Explicó a Judd dónde lo esperaría.
—¿Qué aspecto tiene usted? —preguntó a Judd.
Cuando él se lo dijo, ella describió a su vez su disfraz.
—Estaré allí dentro de pocos minutos —le aseguró él.
Preston, dominándose la frustración, estaba de pie con su móvil en la mano mientras dos de sus hombres y él buscaban con la vista a Robin. Se encontraban en un rincón de la calle Adrianou, la principal del barrio de Plaka, llena de tiendas para turistas. Robin había llamado por teléfono desde el café con terraza que estaba enfrente. Habían registrado la zona y no habían visto ningún indicio de ella, lo que le daba a entender que, o bien los había detectado y estaba escondida, o se había marchado.
Cuando sonó su móvil, se lo llevó al oído precipitadamente.
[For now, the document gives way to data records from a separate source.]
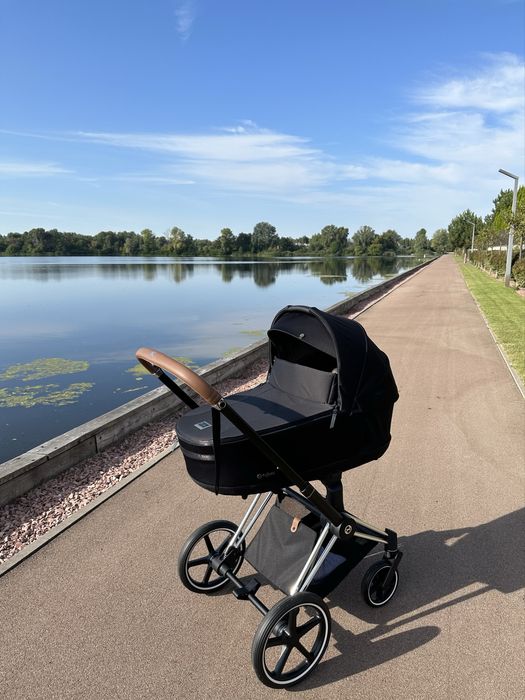 Cybex Priam 4.0 black чудовий стан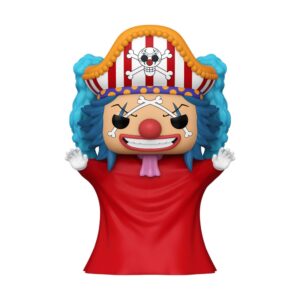 Funko POP! One piece Buggy (Post Time-Skip) Exclusive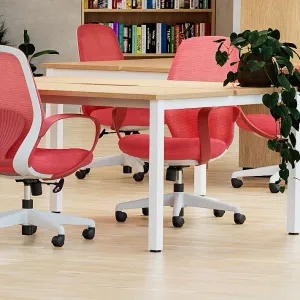 Ariel Mesh Task Operator Chair with Arms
Era Irene, su contacto en la NSA.
—Su persona de interés ha vuelto a hablar por el móvil —dijo Irene, que parecía nerviosa—. La llamada terminó hace cosa de un cuarto de hora. Se dirigía hacia el sur. Ya no le puedo ayudar más, Preston. Aquí ha pasado algo. Están vigilando a todos. He tenido que subirme a mi coche y marcharme del centro para llamarle. Me temo que van a investigar mis consultas y mis búsquedas en la NRO.
La NRO era la Oficina Nacional de Reconocimiento, que diseñaba, construía y operaba los satélites estadounidenses de reconocimiento, y recogía los datos que transmitían.
Preston maldijo para sus adentros.
—Deme la información exacta. Todo lo que haya descubierto. Ya me haré cargo yo a partir de ahora.
El aire estaba cálido y las estrellas brillaban en el cielo claro cuando Judd y Eva subieron aprisa por el camino de anchas losas de mármol que conducía a la entrada del parque arquitectónico de la Acrópolis. Él, que llevaba la gran bolsa de viaje de los dos, compró entradas, y pasaron por un portón que daba acceso a un camino ancho que ascendía por una ladera suave. Una brisa ligera agitaba los altos cipreses y olivos, a los que la noche daba un aspecto espectral. Judd vio en un espacio abierto un antiguo anfiteatro, monumento espectacular. Las gradas de piedra blanca deteriorada subían por la ladera en semicírculo, y él se imaginó por un momento cómo debía de haber sido dos milenios atrás, la gran multitud, la emoción en el ambiente.
La base del teatro, la
orchestra
, estaba bien iluminada con focos de arco voltaico. Había una mujer con vestido griego clásico, de pie ante el amplio público, sentado en mantas y almohadillas sobre los restos de las gradas. Mientras la mujer hablaba por un micrófono, un grupo de hombres y mujeres, con vestidos y túnicas blancas ceñidas con trencillas de colores, esperaba a un lado de la
orchestra
. Había un pequeño equipo de cámaras que los grababan.
—Aquí, bajo la Acrópolis, se encuentran las ruinas del primer grupo de edificios del mundo dedicado a las artes escénicas —decía la mujer al público—. Este noble teatro antiguo es anterior a Alejandro Magno. En este mismo escenario se estrenaron obras maestras inmortales, y nacieron el drama y la comedia.
—Estamos viendo el Teatro de Dioniso, ¿me equivoco? —dijo Judd a Eva cuando se acercaron.